In his important year-end post for his site PressThink, New York University journalism professor and critic Jay Rosen warned, “the world has changed and journalists are in the fight of their lives.” Rosen’s point is that the way for journalism to earn trust has changed because users now have more choices and more control. He then provides a thoughtful list of ways is which journalists can win trust through transparency.
But how does one win the trust of everyone in the era of Trump, who now is a bully with the White House pulpit? The president proudly claimed in an interview with the Fox Business Channel last October that he “started this whole fake news thing.” Of course, that is not true. In fact, according to the Washington Post, “President Trump has made 1,950 false or misleading claims over 347 days.”
That the president frequently lies is not fake news, and it is not new news. A Morning Consult/Political poll last December found that only 36 percent of those sampled thought the president is honest. In fact, 51 percent of those polled believe he is dishonest, while 60 percent think he is reckless. Yet his almost daily attacks against the press, mostly false or misleading, have staggered many members of the press.
The First Amendment of the Constitution guarantees freedom of the press. Freedom House reports that freedom of the press is in decline around the world, including here in the United States. A record number of journalists have been imprisoned worldwide, including 21 on “fake news” charges. Senator John McCain issued this warning to President Trump in December on Twitter, ”@POTUS must understand his harmful rhetoric only empowers repressive regimes to jail reporters and silence the truth.”
Soon after his return to the White House, following a holiday break in Florida, the president launched another fusillade on Twitter against one of his favorite targets, The New York Times. “The failing New York Times has a new publisher, A.G. Sulzberger. Congratulations! Here is a last chance for the Times to fulfill the vision of its Founder, Adolph Ochs, to give the news impartially, without fear of FAVOR, regardless of party, sect, or interests involved,” his first tweet read. He continued in a second tweet, “Get impartial journalists of a much higher standard, lose all your phony and non-existent ‘sources,’ and treat the President FAIRLY, so that the next time I (and the people) win, you won’t have to write and apology to your readers for a job poorly done!”
Clearly, the president’s claims of fake news and his attacks on news organizations are all a tactic. If he was innocent of sin, if his White House was free of scandal, if his agenda was popular with the masses, he wouldn’t have to protest too much. But he doth protest an awful lot! He loves to spin his own alternate reality and lash out at the press. His communications staff, assorted acolytes and members of Congress echo his attacks because it is in their own personal interest and the mainstream media are easy targets. Washington Post Executive Editor Marty Baron stoically observed last year, “We are not at war with the administration, we are at work.”
But for more news channels, more online news sites, and the growing amount of users who get their news from social media, opinion is now the currency of the realm. An enormous number of Americans get their information only from sources they feel agree with their views, i.e., one’s that are consistent with their core beliefs. And some news outlets carefully craft their content to appeal to their likely viewers, and to advance a political agenda.
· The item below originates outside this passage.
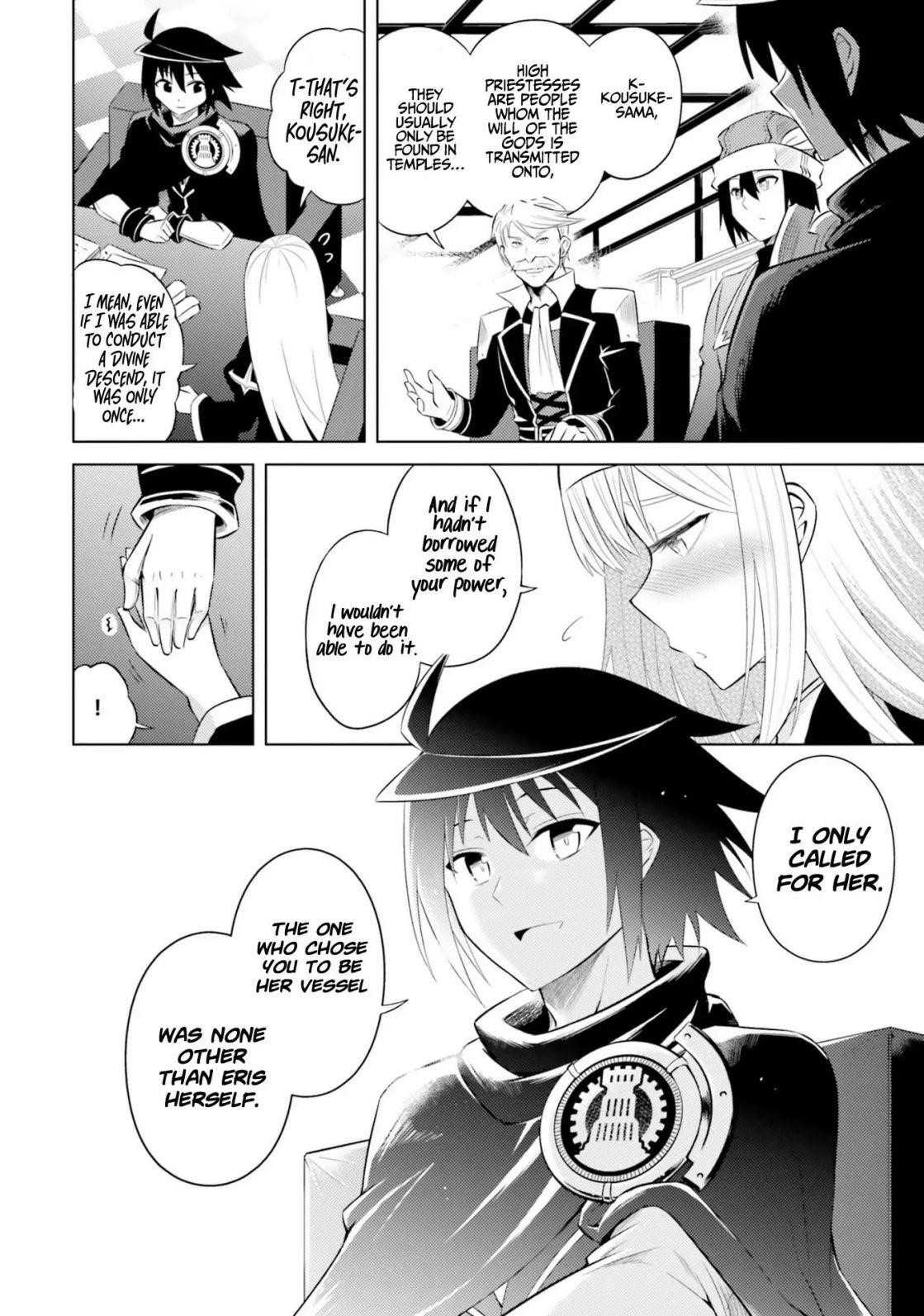 Tono No Kanri O Shite Miyou Chapter 14 - Page 13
This has left America so politically divided it is hard for people from different regions or ideologies to agree on basic facts, let alone have an rational and calm discussion.
More transparency is important, absolutely, but do Sean Hannity’s 3.2 million viewers care if he is transparent? Few of his viewers check around with different sources to get the other side of the argument. And they don’t care that Hannity regularly consults with President Trump, who is a big fan of his program. Sure, Hannity is not a journalist, but he is on the Fox News Channel.
The big question is at what point will Americans say enough is enough with the attacks on the press. At what point will Americans be motivated enough to devote time to study all sides of the issues. At what point will Americans take the time to be well informed before making decisions about elected officials, as our founding fathers had intended when they wrote the First Amendment. The fathers wanted to assure that America would not be ruled by a despot, rather that it would always be ruled by the people.
The press is not perfect, but most major news organizations have a process to assure that all of the facts are fully vetted before they are published, and to assure fairness, impartiality, independence and accountability. On the other hand, the administration, the Congress, and government agencies are not always transparent and accountable to the people. That will only happen with a strong and vibrant press.
Journalists may be in a fight for their lives, due to evolving business models and rapid changes in technology, but their survival is essential for the maintenance of this great democracy.